[ACTIVITY]:
Scan the records below. List lines holding "Western".
***
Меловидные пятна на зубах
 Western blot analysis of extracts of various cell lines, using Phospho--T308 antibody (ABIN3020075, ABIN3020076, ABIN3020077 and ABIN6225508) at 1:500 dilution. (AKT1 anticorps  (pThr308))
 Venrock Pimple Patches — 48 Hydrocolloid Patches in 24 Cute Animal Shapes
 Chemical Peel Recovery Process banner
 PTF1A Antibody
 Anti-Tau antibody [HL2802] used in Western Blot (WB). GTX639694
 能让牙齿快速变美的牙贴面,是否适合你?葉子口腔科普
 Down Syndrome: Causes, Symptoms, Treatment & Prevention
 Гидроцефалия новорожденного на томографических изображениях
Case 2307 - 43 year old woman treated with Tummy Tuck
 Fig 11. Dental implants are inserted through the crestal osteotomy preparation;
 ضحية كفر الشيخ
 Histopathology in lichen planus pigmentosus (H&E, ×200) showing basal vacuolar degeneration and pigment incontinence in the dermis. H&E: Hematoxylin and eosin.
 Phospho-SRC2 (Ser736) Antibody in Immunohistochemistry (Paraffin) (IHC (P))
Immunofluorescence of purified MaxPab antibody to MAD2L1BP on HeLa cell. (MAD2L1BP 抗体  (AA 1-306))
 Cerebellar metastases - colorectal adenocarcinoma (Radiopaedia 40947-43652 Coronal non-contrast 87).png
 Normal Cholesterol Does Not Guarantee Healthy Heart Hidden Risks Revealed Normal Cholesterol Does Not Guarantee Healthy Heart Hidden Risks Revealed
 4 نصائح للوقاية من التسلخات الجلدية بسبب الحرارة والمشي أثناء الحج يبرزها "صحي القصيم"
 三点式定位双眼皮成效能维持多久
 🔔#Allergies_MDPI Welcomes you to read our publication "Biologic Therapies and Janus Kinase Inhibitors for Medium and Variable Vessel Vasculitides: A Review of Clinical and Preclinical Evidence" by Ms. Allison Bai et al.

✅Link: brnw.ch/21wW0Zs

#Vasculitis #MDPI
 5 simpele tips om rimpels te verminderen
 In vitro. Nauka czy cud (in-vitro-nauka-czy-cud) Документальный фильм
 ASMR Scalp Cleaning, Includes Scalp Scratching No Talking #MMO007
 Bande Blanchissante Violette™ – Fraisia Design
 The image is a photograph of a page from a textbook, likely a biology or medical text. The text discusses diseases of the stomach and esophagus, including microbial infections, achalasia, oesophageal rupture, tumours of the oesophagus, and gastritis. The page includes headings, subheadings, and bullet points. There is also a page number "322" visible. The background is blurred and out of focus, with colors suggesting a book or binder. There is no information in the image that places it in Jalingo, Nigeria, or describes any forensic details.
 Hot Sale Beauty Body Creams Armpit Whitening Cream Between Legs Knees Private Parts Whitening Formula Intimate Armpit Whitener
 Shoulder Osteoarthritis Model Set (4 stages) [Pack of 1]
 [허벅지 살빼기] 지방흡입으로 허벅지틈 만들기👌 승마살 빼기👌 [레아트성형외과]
***
[EXERCISE RESULT]:
 Western blot analysis of extracts of various cell lines, using Phospho--T308 antibody (ABIN3020075, ABIN3020076, ABIN3020077 and ABIN6225508) at 1:500 dilution. (AKT1 anticorps  (pThr308))
 Anti-Tau antibody [HL2802] used in Western Blot (WB). GTX639694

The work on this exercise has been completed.